- [Data]

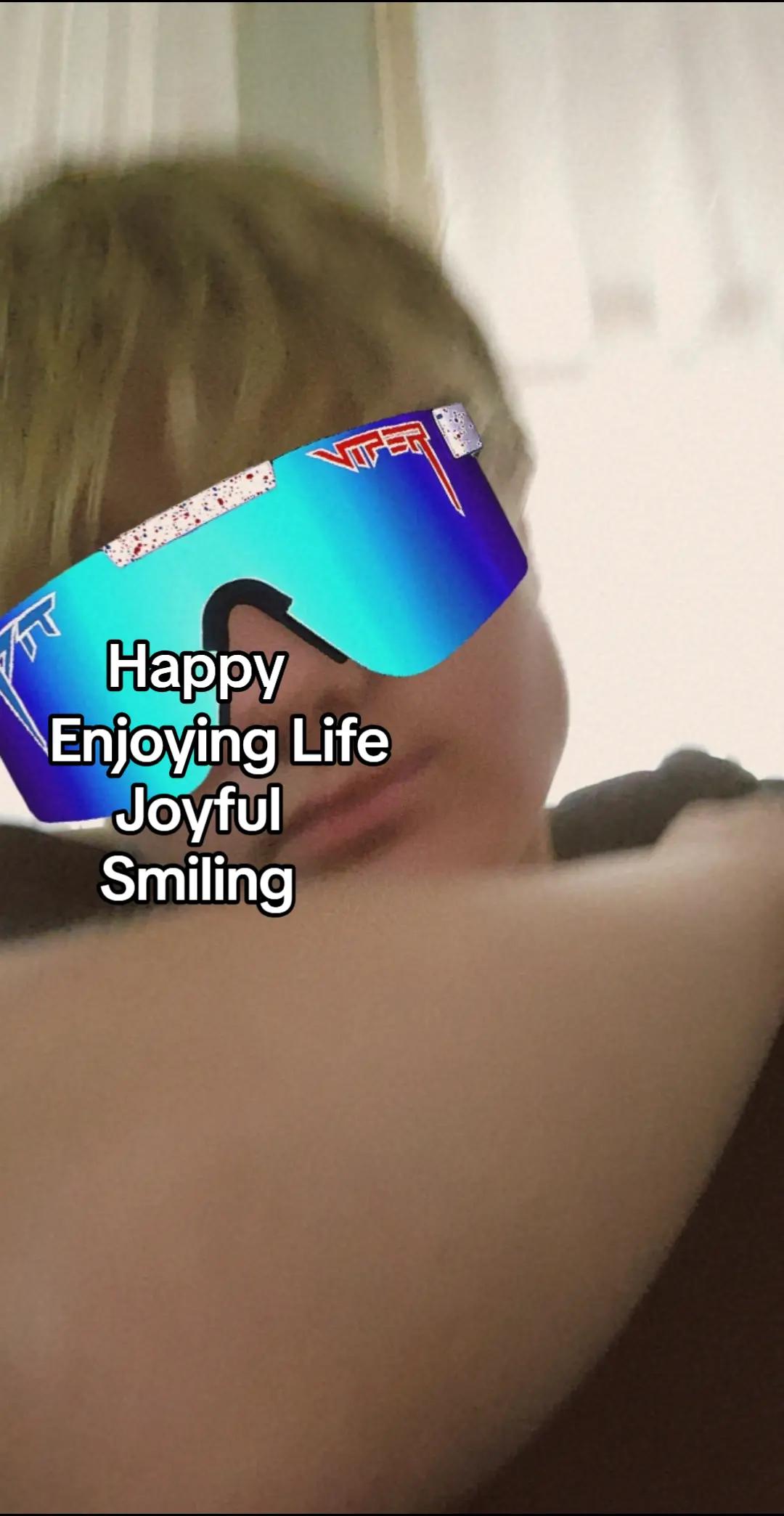 @𝗦𝘂𝗻𝗻𝘆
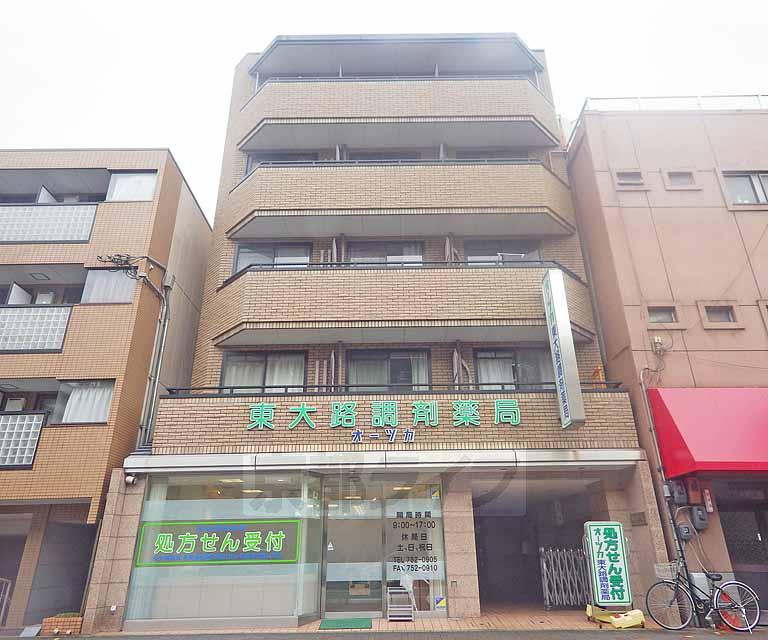 京都市左京区聖護院西町のマンションの建物外観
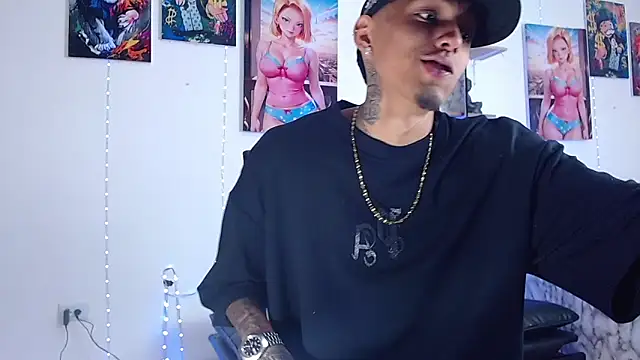 Snapshot of Liam_lee chatting on 09-09-25, 02:38 Liam lee online show from 09-09-25, 02:38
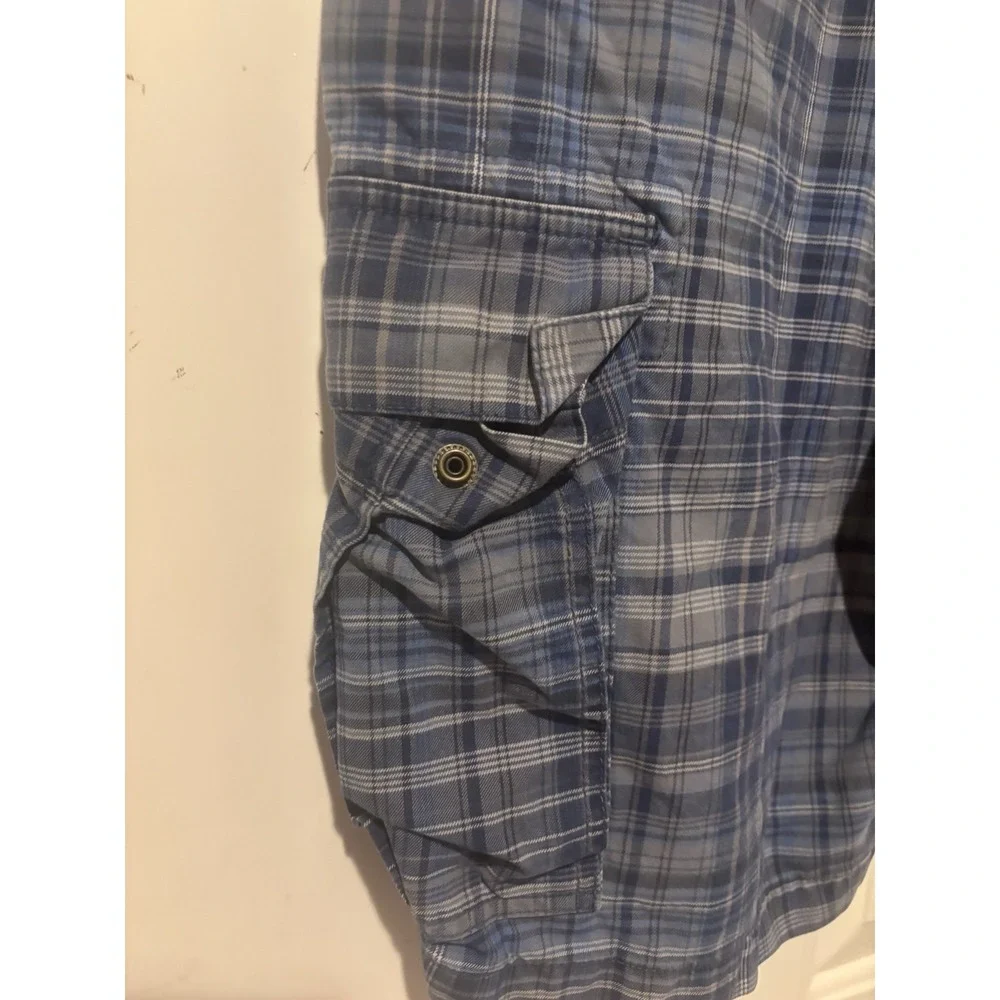 Eddie Bauer Shorts Men's Cargo Bermuda Size 36 Blue Plaid Outdoor Hiking‎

- [Required action] Exactly the lines running from the one with "京都市左京区聖護院西町のマンションの建物外観" through the end of the listing above must be output, both ends included. No pictures belong in the output.

- [Exercise result]
 京都市左京区聖護院西町のマンションの建物外観
 Snapshot of Liam_lee chatting on 09-09-25, 02:38 Liam lee online show from 09-09-25, 02:38
 Eddie Bauer Shorts Men's Cargo Bermuda Size 36 Blue Plaid Outdoor Hiking‎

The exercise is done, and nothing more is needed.